Redesigned the arm piece. Rather than 2 fixed loops I made it out of one really long loop with a hitch that slides up and down to adjust width of the area where your elbow goes in the draw position and a taut line hitch at the end to adjust size. Waaay more stream line and easier to manage. Also because it flatter and has less knots, the distribution of weight is more spread out and it makes it more comfy 
If you rule out the failed designs, this can be made for no more than $15 and can be assembled in less than a day. I'm certainly going to mass produce these for people at my range, and for people on line here! If you want one feel free to PM me. Can't start producing more just yet though, give me a week.


----------



## hoytshooter15 (Aug 13, 2012)

Made final product. I like it. Patent pending now! No one can steal it hahaha


----------



## Nhines3711 (Apr 16, 2019)

Curious what the final product looks like?


----------



## Soo Jit (Aug 12, 2007)

https://www.youtube.com/watch?v=WZAGVTIH7HE&t=27s


----------



## Nhines3711 (Apr 16, 2019)

Thanks, I had just found that video last night after I left the comment.

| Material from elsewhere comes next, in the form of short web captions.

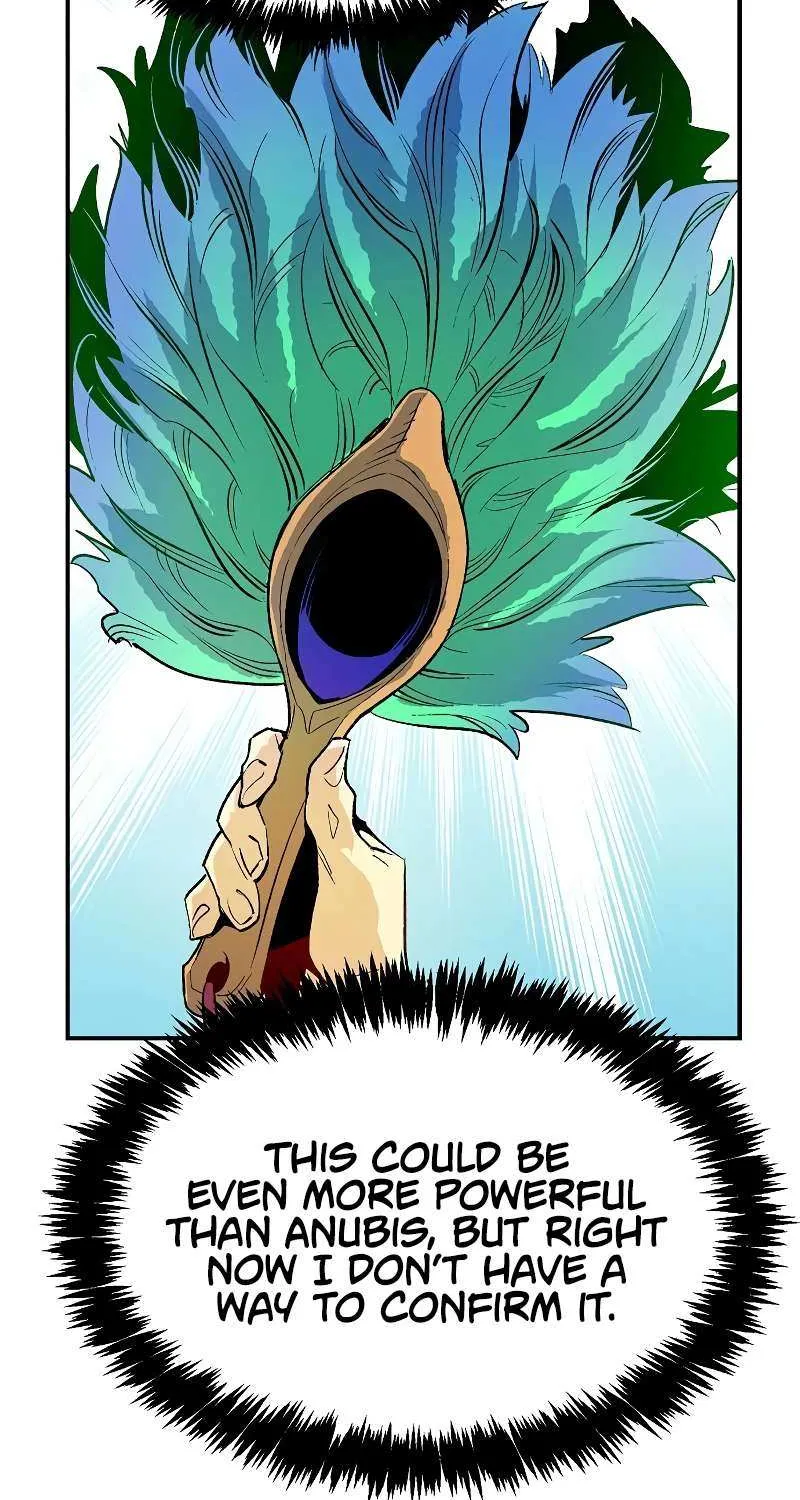 Read The Only Necromancer chapter 144 image 99 on Lezhin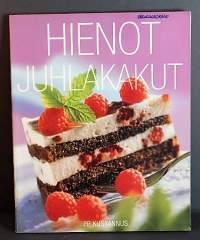 Hienot juhlakakut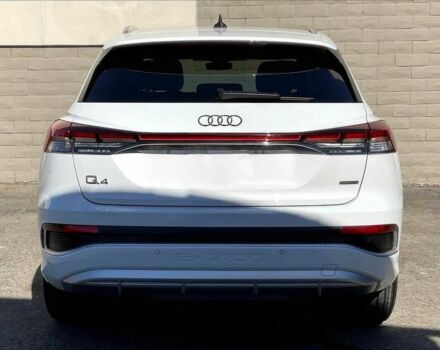 Белый Ауди Другая, объемом двигателя 0 л и пробегом 24 тыс. км за 12300 $, фото 3 на Automoto.ua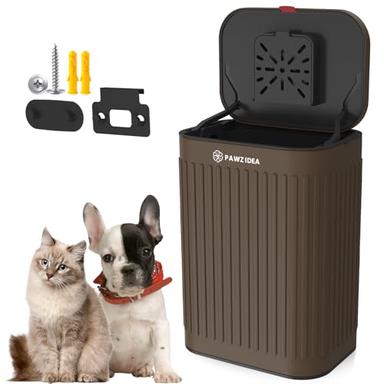pet waste disposal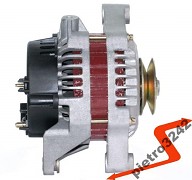 Alternátor OPEL ASTRA CORSA COMBO VECTRA 70 AMPER  - ca1440_FO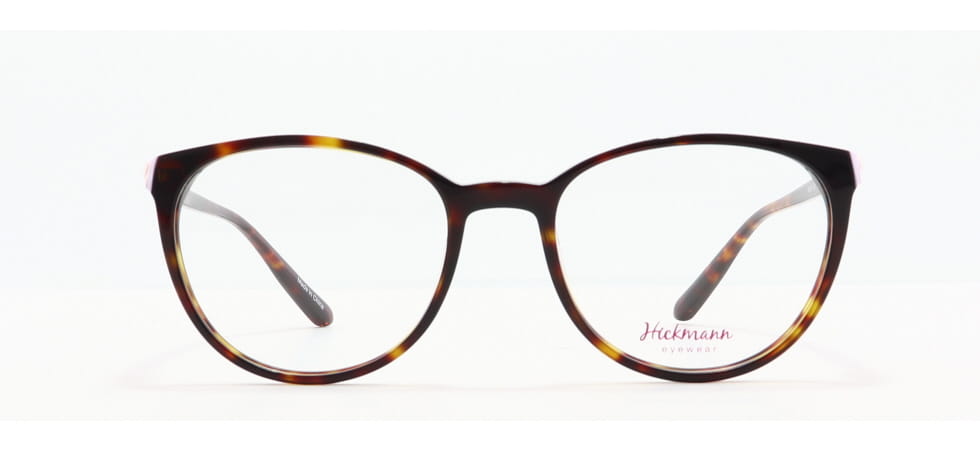 Image of Hickmann Eyewear Frames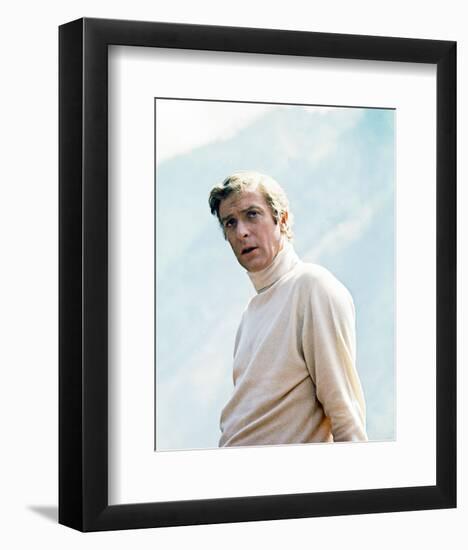 The Italian Job-null-Framed Photo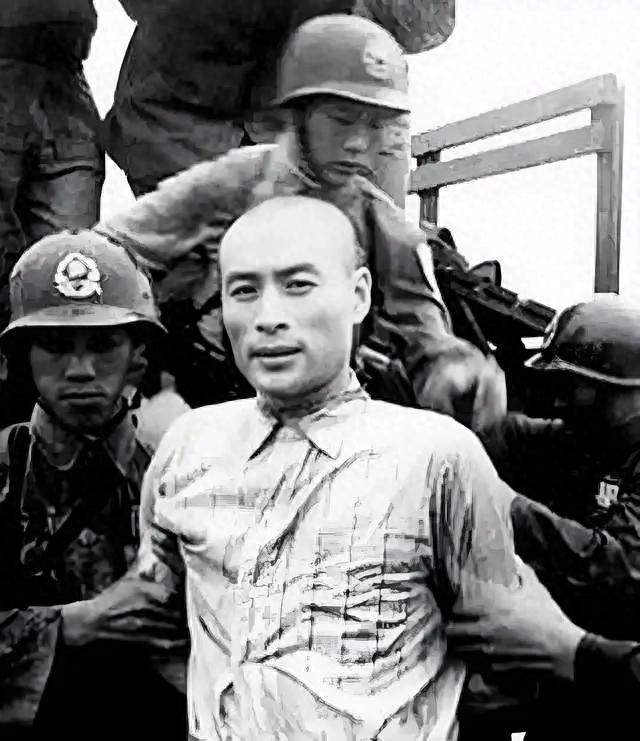 苍天不公：聂曦就义时年仅33岁，而刽子手谷正文却活到了97岁！还是那条线，在
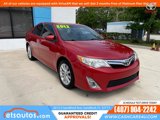 Used 2012 Toyota Camry XLE image 3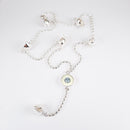 MK-Kalevala Koru Lähde-kääty | Hopea - Riipukset ja kaulakorut - Kalevala Koru | Caratia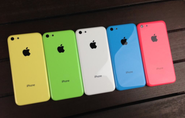 Apple Launches iPhone 5S, iPhone 5C and Announces the Release Date of iOS 7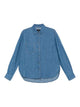 7 For All Mankind `Easy Shirt Icy` Shirt
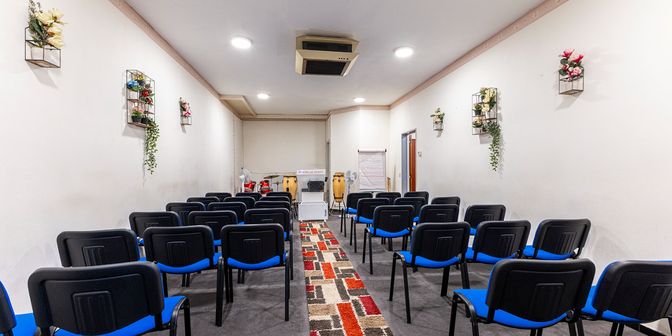 Bedrijfsvastgoed te koop in Fonteinstraat 2, 2140 Borgerhout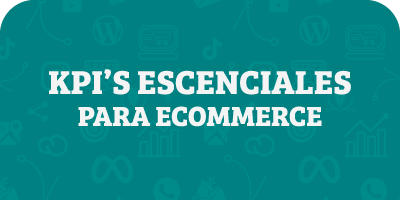KPIs esenciales para eCommerce: ejemplos y métricas clave para tu tienda online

That seems, easy enough to make.


----------



## TER (Jul 5, 2003)

Nhines3711 said:


> Curious what the final product looks like?


hoytshooter15 is unlikely to respond because he hasn't visited this forum in nearly 5 years.


----------



## zqcolor (Sep 1, 2019)

Soo Jit said:


> https://www.youtube.com/watch?v=WZAGVTIH7HE&t=27s


Thanks for the link of video, will try to make one


----------